Resisting the urge to adjust his inseam, Spence pinched the bridge of his nose instead. Enough of this sentimental, sexy, screwball nonsense. What the hell was he thinking about? He was here for one thing. Information for a no-nonsense, hard-facts exposé on Jade Macleod’s ex-boss. Let the games begin, he thought as he held up his hand for her to stop.

“Clear up a point for me, will you?” he asked as he walked over and handed her his handkerchief. “You said your parents have never met Richard.”

Sniffing, she eyed him suspiciously. “That’s right.”

“Well, wouldn’t it have made more sense if you’d asked me to pretend to be him instead of your assistant?”

She stared at him blankly.

“It’s none of my business, but he must not have been very good in the—”

She leveled a finger and a warning look at him. “Watch it.”

“Hey, all I’m saying is, if you’re not bothering to replace him, there must not have been much of a relationship to replace.”

“There’s more to a relationship than...well... that,” she said as her face reddened. “Besides, I only needed you to pretend at the train station. Things were never supposed to go this far.” Raising the handkerchief, she turned away to blow her nose.

“Whatever. It just sounds to me as if you’re more interested in what people think of your career than your love life. Am I right?”

Balling the handkerchief, she shoved it back in his hand. “You’re really enjoying this, aren’t you?”

“Hmm?” He stuffed the handkerchief into his pocket.

“This psychological ploy to get me to talk about myself so you’ll have something to chew on for that novel. What’s the matter, Spence? Suffering from the proverbial writer’s block? Are you a little weak on plot? Short on characterization? Is there fizzle where there should be zing?”

He didn’t bother hiding his smile as he backed away. “Is there fizzle where there should be zing?” Picking up his suitcase, he placed it on the bed again. “I’ll let you know as soon as I find out. Oh, by the way. Dinner with your family tonight doesn’t count. You still owe me one.”

“It certainly does count. I have no intention of being seen with you in public. The fewer people I have to explain you to, the better,” she said, reaching behind her for the doorknob and twisting it open. “What’s that smile for?”

“In case you’ve forgotten, we’ve already been seen in public. And what are you going to say when people read about us in their newspapers?”

“Do I look worried?”

She did, but considering the daggers he was already dodging, he decided not to answer.

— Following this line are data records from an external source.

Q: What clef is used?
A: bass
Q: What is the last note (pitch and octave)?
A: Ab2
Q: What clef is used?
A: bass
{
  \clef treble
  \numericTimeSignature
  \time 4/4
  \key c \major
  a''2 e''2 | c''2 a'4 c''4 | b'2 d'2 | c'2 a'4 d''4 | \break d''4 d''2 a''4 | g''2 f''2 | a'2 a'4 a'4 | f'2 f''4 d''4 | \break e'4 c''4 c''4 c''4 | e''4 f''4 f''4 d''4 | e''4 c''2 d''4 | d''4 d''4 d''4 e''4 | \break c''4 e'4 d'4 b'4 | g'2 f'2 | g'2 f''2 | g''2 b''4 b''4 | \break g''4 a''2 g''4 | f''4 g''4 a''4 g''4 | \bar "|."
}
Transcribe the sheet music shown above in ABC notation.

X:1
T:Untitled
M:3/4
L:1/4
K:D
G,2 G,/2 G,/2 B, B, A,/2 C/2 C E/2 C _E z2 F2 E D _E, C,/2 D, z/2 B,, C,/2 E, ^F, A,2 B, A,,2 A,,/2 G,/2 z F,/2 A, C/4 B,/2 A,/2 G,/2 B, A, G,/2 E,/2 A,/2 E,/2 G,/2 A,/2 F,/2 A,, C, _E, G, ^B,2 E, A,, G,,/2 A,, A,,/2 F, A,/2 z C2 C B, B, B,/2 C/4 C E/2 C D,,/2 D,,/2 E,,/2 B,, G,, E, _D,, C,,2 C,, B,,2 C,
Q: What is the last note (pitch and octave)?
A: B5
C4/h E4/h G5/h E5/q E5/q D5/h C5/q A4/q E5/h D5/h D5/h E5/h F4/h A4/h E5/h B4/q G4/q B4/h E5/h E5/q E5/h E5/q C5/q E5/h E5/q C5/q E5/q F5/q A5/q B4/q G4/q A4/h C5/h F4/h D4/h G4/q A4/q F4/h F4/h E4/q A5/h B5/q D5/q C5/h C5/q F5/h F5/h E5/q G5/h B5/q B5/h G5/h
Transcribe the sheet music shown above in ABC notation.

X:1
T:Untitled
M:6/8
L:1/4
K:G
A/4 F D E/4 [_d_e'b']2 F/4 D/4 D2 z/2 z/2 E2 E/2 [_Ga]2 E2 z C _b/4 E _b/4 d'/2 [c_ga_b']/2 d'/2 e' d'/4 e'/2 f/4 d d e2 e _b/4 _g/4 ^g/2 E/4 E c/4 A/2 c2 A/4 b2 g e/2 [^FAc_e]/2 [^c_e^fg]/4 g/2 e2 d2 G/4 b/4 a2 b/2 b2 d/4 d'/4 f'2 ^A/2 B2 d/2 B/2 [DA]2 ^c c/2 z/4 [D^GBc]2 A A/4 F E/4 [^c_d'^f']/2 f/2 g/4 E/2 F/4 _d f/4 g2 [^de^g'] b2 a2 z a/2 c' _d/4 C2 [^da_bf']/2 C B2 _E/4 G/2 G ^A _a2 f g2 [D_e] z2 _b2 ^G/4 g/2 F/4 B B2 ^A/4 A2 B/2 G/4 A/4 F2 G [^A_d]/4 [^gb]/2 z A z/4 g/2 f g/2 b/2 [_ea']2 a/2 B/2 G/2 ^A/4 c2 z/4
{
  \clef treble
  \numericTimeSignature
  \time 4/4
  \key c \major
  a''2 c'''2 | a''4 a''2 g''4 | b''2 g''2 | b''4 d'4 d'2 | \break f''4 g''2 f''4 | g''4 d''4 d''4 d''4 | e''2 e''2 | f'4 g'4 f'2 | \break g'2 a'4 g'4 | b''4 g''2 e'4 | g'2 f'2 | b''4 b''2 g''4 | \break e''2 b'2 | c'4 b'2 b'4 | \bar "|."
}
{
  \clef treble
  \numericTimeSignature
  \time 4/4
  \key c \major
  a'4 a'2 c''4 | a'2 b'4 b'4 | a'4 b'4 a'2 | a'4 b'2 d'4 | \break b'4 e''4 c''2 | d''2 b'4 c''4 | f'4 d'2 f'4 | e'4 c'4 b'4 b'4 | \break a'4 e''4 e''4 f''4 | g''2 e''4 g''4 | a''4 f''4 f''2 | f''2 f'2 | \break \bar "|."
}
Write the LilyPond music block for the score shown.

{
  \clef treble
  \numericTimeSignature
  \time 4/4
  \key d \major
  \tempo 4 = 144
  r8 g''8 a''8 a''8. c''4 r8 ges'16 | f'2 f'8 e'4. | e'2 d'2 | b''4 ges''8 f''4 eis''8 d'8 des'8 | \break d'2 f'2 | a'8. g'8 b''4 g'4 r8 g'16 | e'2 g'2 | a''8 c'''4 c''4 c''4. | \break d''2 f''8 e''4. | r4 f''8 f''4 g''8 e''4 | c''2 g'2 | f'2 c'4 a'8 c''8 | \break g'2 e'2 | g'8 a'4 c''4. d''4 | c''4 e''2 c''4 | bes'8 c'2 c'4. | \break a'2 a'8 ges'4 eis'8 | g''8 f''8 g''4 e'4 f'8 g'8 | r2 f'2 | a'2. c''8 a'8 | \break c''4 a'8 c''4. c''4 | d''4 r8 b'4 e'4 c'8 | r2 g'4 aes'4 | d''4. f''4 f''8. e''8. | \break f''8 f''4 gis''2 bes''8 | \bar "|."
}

“Well, I’m not.” She was rubbing her temples again. “This all comes under the heading of damage control, which is something of a specialty of mine.”

Spence felt his ears perk up. “Really?”

“Maybe. Anyway, much as I love my brother, he will never meet his deadline because, unfortunately, Neal’s never finished anything in his life. Now, if you don’t mind,” she said, heading back to the hall door for her suitcases, “I’m going to settle in. I’ll be back for you later.”

When he made a move to help, she waved him off. “Don’t touch them,” she said, grabbing the suitcases from his reach and heading for the connecting door to the next bedroom. “Don’t go anywhere, don’t talk to anyone and don’t use the phone unless you have your own calling card.”

Before he could respond, she kicked the door shut behind her.

Where was he! Jade knocked for the third time.

She hadn’t meant to leave him alone this long, but somehow her intended five-minute nap had raged out of control. Now two hours had disappeared and so, it seemed, had Spencer Madison.

She called his name through the closed door. No answer. Frowning, she pushed it open, poked her head in and looked around. His wallet was right where she’d left it. Casting a quick glance toward the hall door, she slipped into the room and headed for the night table. The temptation to look through the brown leather trifold gnawed at her insides like a hungry pit bull puppy. She rubbed her moist palms against the tunic top of her black evening pajamas. Everything she’d been taught about right and wrong was fast-forwarding through her mind.

If ever there was a reason to break a rule, Spencer Madison’s presence was it. She had a right—no, a duty—to check him out. Switching on the lamp, she picked up his wallet and began unfolding it.

“Can I help you find something?”

The sound of his voice had the same effect on her as a minor earthquake. Slamming the wallet back onto the table, she accidentally sent the lamp crashing sideways onto the bed. When she scrambled to right it, her knee connected with the corner of the night table.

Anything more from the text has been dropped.